**** SUPPLIED MATERIAL

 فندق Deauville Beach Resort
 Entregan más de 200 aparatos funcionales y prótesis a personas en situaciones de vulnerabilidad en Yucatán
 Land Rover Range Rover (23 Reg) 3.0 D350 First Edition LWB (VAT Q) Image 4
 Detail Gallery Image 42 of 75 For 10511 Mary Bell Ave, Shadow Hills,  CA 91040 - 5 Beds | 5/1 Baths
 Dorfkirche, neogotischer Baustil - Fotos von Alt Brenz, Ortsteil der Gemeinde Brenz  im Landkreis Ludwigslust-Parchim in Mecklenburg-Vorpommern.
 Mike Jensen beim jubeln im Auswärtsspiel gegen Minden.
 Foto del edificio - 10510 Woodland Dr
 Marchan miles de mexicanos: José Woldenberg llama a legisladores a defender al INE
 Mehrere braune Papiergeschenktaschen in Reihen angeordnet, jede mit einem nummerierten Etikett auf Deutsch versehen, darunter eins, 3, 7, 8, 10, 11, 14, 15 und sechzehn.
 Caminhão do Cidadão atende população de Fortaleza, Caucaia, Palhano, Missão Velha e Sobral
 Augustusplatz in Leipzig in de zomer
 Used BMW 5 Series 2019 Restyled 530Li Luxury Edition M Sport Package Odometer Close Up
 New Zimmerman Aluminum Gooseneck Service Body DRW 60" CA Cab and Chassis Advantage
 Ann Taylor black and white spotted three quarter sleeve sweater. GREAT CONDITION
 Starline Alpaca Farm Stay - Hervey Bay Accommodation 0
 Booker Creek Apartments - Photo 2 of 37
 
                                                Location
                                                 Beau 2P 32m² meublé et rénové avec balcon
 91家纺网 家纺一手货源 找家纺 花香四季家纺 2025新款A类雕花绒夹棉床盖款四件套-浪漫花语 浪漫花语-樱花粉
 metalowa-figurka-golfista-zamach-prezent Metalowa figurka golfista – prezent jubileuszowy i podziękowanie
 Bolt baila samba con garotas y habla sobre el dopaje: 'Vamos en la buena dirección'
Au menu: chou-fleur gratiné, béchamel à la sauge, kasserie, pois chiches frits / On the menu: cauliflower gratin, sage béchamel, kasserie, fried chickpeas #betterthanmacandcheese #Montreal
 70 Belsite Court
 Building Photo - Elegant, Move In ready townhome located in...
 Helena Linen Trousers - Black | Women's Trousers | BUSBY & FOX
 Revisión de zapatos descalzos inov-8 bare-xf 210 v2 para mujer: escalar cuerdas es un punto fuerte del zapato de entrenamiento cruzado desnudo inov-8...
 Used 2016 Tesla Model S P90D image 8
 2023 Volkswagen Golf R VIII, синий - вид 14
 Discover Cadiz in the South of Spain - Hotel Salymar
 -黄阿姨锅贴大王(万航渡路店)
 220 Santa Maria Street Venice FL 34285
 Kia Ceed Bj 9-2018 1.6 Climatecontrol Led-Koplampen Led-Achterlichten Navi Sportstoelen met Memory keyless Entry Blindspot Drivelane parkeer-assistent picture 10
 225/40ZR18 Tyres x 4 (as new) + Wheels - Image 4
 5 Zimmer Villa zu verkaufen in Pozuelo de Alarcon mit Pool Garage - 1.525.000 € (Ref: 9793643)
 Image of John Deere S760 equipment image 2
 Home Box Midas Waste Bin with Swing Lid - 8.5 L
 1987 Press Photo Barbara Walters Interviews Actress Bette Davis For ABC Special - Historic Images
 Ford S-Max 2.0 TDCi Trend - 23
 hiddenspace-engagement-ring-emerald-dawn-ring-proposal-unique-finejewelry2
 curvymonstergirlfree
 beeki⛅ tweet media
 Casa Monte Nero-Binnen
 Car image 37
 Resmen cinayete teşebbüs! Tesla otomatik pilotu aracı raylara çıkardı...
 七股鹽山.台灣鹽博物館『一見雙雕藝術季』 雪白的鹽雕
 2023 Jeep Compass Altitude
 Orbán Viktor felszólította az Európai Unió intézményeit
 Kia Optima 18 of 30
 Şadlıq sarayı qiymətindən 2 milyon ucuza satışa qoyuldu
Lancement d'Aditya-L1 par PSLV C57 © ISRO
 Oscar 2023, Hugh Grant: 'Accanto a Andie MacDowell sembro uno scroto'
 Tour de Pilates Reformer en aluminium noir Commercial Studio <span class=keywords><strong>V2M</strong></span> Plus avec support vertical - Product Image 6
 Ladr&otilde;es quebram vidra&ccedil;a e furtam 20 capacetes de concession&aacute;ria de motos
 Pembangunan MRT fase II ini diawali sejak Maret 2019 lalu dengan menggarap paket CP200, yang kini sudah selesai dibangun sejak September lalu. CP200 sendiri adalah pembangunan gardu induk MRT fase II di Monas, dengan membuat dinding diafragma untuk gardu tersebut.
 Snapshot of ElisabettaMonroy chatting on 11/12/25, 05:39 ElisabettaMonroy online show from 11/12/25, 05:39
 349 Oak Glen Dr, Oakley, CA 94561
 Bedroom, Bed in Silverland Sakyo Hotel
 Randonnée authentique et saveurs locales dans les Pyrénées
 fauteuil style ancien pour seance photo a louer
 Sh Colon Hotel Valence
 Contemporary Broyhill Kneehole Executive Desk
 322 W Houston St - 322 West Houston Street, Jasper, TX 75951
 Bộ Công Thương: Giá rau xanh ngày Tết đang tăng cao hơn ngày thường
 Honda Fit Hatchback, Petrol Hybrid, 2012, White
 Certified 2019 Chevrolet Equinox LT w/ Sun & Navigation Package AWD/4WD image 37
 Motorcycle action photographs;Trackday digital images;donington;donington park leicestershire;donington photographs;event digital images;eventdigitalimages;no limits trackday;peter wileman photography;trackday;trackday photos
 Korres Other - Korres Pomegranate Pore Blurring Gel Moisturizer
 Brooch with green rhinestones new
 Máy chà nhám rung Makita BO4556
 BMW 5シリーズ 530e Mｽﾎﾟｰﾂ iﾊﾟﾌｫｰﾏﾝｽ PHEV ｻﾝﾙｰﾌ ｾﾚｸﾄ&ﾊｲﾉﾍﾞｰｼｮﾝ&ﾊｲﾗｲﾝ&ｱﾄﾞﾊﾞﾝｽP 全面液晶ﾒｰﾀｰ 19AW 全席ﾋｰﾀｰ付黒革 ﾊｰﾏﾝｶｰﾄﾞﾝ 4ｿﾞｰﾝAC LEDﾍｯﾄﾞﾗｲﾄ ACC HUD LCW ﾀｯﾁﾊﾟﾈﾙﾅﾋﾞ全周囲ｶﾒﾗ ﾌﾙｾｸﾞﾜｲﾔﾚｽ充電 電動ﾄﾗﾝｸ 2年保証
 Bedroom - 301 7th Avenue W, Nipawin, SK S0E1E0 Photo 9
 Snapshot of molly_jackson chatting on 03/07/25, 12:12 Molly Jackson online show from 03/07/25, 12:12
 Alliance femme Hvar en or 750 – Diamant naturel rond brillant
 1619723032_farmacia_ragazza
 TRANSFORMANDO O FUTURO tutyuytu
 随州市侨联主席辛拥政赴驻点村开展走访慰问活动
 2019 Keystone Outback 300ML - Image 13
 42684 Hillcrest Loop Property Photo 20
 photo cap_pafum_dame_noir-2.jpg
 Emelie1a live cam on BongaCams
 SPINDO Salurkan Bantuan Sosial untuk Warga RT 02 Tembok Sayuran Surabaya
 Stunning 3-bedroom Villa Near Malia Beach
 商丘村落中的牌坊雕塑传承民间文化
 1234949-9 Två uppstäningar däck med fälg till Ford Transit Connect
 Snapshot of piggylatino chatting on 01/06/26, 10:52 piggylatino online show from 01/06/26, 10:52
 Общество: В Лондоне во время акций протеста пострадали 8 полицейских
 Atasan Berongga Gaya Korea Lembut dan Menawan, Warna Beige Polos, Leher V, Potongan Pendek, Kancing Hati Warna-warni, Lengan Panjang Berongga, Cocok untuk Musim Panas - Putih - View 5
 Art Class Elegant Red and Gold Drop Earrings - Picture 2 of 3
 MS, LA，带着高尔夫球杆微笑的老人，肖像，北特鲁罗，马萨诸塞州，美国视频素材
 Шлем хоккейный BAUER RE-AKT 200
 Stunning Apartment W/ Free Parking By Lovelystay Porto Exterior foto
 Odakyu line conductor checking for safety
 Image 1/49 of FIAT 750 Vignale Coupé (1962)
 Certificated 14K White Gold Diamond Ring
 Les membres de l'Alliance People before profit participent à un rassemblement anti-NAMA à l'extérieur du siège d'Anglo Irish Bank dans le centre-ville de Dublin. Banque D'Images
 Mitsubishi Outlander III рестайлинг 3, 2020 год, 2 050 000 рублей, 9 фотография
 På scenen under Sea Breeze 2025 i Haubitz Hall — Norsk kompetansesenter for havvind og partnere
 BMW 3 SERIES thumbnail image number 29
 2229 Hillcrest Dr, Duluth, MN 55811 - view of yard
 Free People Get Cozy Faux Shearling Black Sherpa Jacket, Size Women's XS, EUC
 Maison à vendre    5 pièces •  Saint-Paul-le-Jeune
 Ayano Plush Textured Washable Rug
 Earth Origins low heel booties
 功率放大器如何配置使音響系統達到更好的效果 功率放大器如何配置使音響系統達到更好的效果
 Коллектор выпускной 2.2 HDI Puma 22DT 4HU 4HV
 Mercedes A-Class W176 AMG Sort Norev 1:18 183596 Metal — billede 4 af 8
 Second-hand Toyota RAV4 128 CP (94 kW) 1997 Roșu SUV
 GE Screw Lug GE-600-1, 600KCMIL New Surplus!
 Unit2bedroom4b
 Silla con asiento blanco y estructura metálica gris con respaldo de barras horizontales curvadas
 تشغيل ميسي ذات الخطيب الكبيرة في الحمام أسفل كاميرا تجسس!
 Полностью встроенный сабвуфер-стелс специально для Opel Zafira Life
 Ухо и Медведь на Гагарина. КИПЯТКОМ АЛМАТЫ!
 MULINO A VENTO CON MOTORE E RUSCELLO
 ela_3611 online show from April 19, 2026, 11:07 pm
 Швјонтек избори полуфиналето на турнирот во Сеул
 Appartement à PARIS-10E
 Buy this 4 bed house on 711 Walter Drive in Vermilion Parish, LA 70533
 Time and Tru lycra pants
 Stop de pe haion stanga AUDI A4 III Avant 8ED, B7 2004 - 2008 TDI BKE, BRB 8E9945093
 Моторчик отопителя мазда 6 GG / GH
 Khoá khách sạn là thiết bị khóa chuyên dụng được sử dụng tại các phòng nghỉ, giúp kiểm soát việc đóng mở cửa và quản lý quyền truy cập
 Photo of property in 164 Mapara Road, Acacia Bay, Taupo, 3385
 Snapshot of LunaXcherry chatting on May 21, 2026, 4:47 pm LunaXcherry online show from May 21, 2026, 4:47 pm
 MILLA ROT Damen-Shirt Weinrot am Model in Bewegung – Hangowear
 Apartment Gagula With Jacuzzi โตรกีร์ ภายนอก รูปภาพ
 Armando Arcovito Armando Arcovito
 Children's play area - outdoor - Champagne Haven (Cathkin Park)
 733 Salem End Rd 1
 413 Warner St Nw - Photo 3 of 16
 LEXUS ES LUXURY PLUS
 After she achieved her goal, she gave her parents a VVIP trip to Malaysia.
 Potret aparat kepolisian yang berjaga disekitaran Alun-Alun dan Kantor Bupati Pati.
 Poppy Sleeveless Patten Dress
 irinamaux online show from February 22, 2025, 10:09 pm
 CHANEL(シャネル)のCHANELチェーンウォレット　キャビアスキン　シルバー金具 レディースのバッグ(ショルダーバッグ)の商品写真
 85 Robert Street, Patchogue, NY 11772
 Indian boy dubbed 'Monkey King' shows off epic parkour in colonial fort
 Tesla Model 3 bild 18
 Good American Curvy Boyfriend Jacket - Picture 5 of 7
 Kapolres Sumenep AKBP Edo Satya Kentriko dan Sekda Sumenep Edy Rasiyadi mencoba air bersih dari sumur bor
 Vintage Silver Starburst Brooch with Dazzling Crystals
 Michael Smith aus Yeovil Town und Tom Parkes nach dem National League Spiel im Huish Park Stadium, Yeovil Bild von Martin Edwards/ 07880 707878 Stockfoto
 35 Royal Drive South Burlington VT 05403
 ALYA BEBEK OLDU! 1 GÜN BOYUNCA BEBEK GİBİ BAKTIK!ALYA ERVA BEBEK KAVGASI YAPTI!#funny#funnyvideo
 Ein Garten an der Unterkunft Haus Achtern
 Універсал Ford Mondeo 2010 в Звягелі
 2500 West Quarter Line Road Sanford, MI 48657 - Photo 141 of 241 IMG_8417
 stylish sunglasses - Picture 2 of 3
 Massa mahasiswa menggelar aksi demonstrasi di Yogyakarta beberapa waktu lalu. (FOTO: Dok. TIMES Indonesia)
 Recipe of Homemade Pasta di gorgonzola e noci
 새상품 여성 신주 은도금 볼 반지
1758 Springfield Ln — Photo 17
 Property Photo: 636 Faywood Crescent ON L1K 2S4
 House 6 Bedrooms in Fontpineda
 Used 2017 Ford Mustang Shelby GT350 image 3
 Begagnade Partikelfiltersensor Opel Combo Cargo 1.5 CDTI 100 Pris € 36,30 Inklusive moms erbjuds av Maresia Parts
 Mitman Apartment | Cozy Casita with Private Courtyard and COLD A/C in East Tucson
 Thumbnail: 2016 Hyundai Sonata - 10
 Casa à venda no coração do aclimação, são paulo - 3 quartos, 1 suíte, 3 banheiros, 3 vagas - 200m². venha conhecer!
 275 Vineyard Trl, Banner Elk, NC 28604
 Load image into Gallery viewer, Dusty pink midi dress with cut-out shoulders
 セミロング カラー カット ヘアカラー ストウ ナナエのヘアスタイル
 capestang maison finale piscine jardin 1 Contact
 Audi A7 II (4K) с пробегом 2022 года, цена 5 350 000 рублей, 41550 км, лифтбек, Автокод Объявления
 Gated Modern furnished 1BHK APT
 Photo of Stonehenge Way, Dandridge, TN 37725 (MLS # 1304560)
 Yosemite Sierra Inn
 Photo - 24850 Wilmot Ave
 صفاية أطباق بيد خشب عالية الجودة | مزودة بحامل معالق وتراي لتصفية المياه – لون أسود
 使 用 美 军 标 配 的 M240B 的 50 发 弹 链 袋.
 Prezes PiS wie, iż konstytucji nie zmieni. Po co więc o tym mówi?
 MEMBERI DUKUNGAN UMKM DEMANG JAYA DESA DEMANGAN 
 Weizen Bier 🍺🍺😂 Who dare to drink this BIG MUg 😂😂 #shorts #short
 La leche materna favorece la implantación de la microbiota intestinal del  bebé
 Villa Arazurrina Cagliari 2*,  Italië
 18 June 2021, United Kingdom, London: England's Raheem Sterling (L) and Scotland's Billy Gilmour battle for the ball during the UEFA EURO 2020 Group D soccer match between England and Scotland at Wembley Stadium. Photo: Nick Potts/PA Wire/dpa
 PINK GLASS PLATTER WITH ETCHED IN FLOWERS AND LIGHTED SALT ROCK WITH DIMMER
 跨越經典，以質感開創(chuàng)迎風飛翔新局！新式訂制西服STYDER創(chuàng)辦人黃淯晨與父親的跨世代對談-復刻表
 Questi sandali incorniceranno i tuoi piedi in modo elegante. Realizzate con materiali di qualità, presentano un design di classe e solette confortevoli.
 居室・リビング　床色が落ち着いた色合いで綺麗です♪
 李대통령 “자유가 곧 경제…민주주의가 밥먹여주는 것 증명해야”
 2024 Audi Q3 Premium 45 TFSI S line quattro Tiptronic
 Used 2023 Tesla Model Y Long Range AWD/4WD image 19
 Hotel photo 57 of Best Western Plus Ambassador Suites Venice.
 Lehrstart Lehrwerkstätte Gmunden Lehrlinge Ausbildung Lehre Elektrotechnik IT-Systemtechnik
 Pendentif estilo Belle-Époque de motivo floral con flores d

********

## [TASK BRIEF]
The reply should hold only the lines of the listing above starting at the line containing "2229 Hillcrest Dr, Duluth, MN" and ending at the line containing "Ухо и Медведь на Гагарина. КИПЯТКОМ АЛМАТЫ!", exactly as written.

## [YOUR RESPONSE]
 2229 Hillcrest Dr, Duluth, MN 55811 - view of yard
 Free People Get Cozy Faux Shearling Black Sherpa Jacket, Size Women's XS, EUC
 Maison à vendre    5 pièces •  Saint-Paul-le-Jeune
 Ayano Plush Textured Washable Rug
 Earth Origins low heel booties
 功率放大器如何配置使音響系統達到更好的效果 功率放大器如何配置使音響系統達到更好的效果
 Коллектор выпускной 2.2 HDI Puma 22DT 4HU 4HV
 Mercedes A-Class W176 AMG Sort Norev 1:18 183596 Metal — billede 4 af 8
 Second-hand Toyota RAV4 128 CP (94 kW) 1997 Roșu SUV
 GE Screw Lug GE-600-1, 600KCMIL New Surplus!
 Unit2bedroom4b
 Silla con asiento blanco y estructura metálica gris con respaldo de barras horizontales curvadas
 تشغيل ميسي ذات الخطيب الكبيرة في الحمام أسفل كاميرا تجسس!
 Полностью встроенный сабвуфер-стелс специально для Opel Zafira Life
 Ухо и Медведь на Гагарина. КИПЯТКОМ АЛМАТЫ!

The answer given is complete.